* [EXERCISE GOAL]: Your task is to transcribe, word for word, the line containing "Hello everyone and" and all lines that follow it to the end of the entries. Leave out the pictures.

##### DATA TO EXAMINE #####

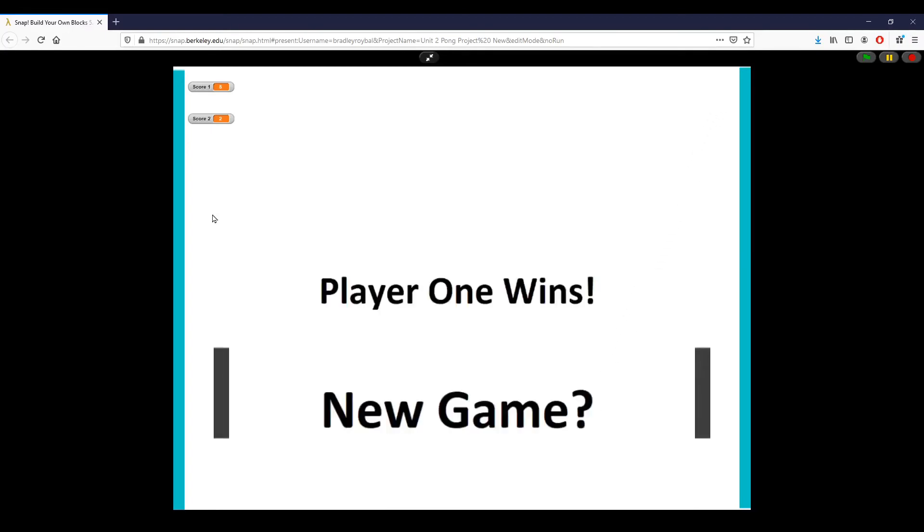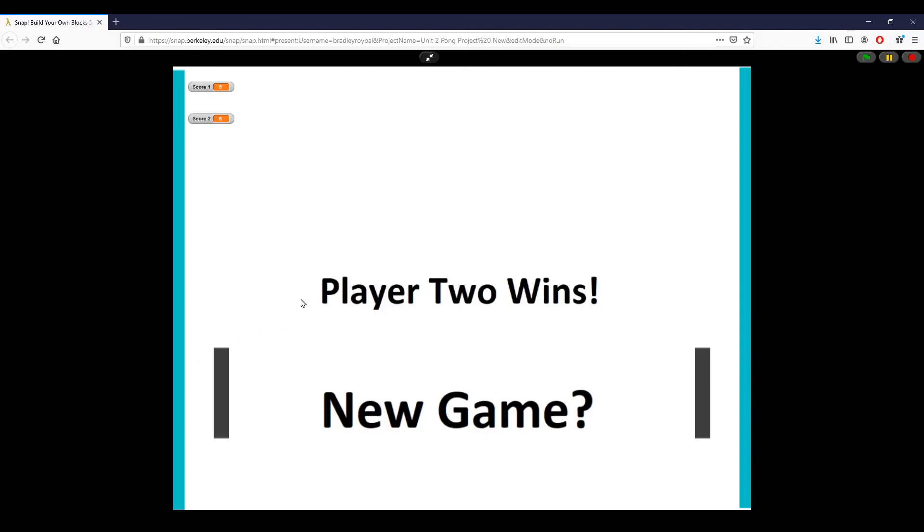But one thing we're going to see right here is just an end condition. When either player reaches five, which is the end condition that we want to show, you can see that my options pop up right here.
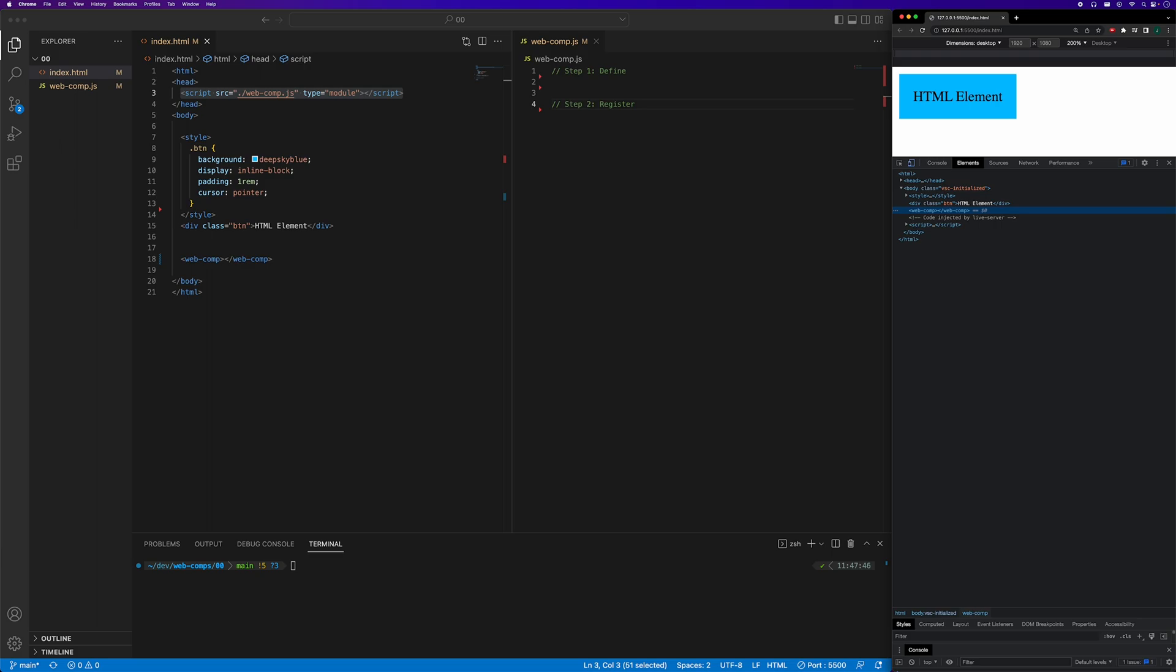In the JavaScript file, we need to do two things. Number one, define the custom element. Number two, register the custom element.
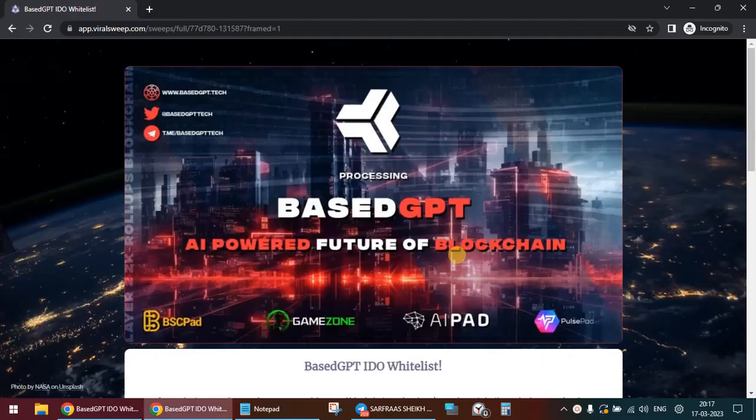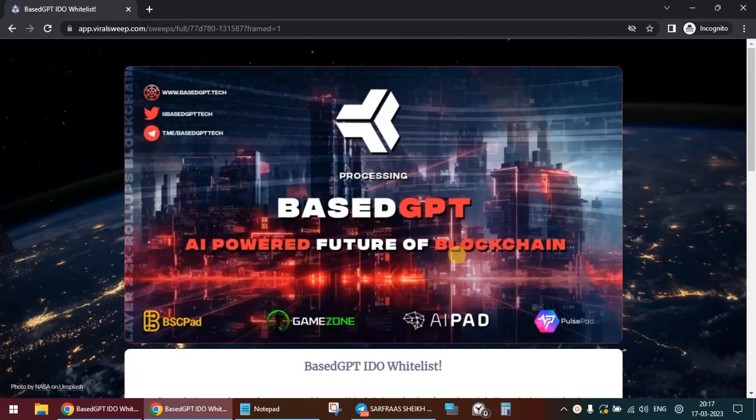Hello everyone and welcome to a new video. Today we're going to talk about the Based GPT IDO whitelist, the procedure how you can get yourself whitelisted, and the steps to get yourself whitelisted. But before I can proceed...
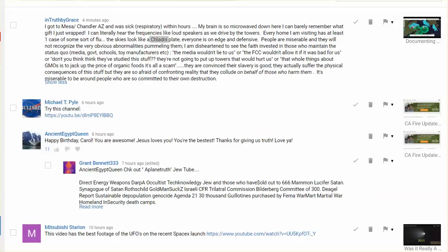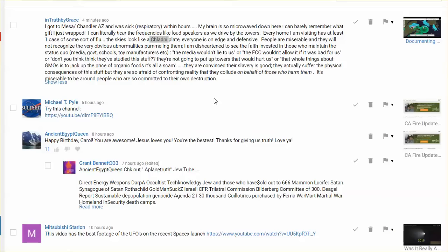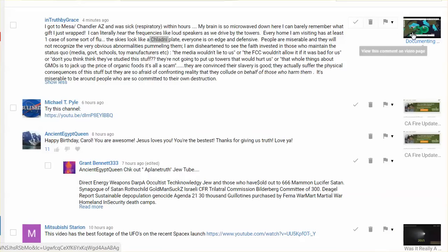Well, I'm very happy to see this, very happy. InTruthByGrace just commented on my video that I posted earlier,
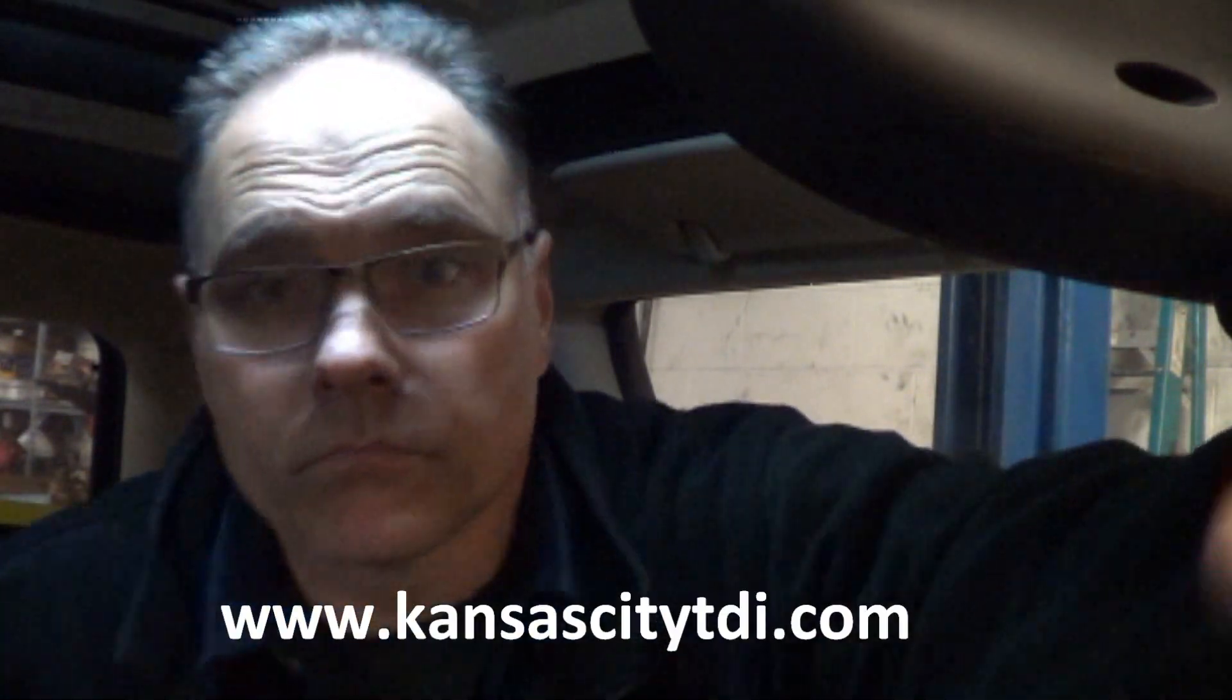If this video has helped you, or if you want to see more Mini Cooper videos, like and subscribe. And if you have any questions, put a comment down below. Visit my website at www.kansascitytdi.com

#####

* [EXERCISE ANSWER]:
Hello everyone and welcome to a new video. Today we're going to talk about the Based GPT IDO whitelist, the procedure how you can get yourself whitelisted, and the steps to get yourself whitelisted. But before I can proceed...
Well, I'm very happy to see this, very happy. InTruthByGrace just commented on my video that I posted earlier,
If this video has helped you, or if you want to see more Mini Cooper videos, like and subscribe. And if you have any questions, put a comment down below. Visit my website at www.kansascitytdi.com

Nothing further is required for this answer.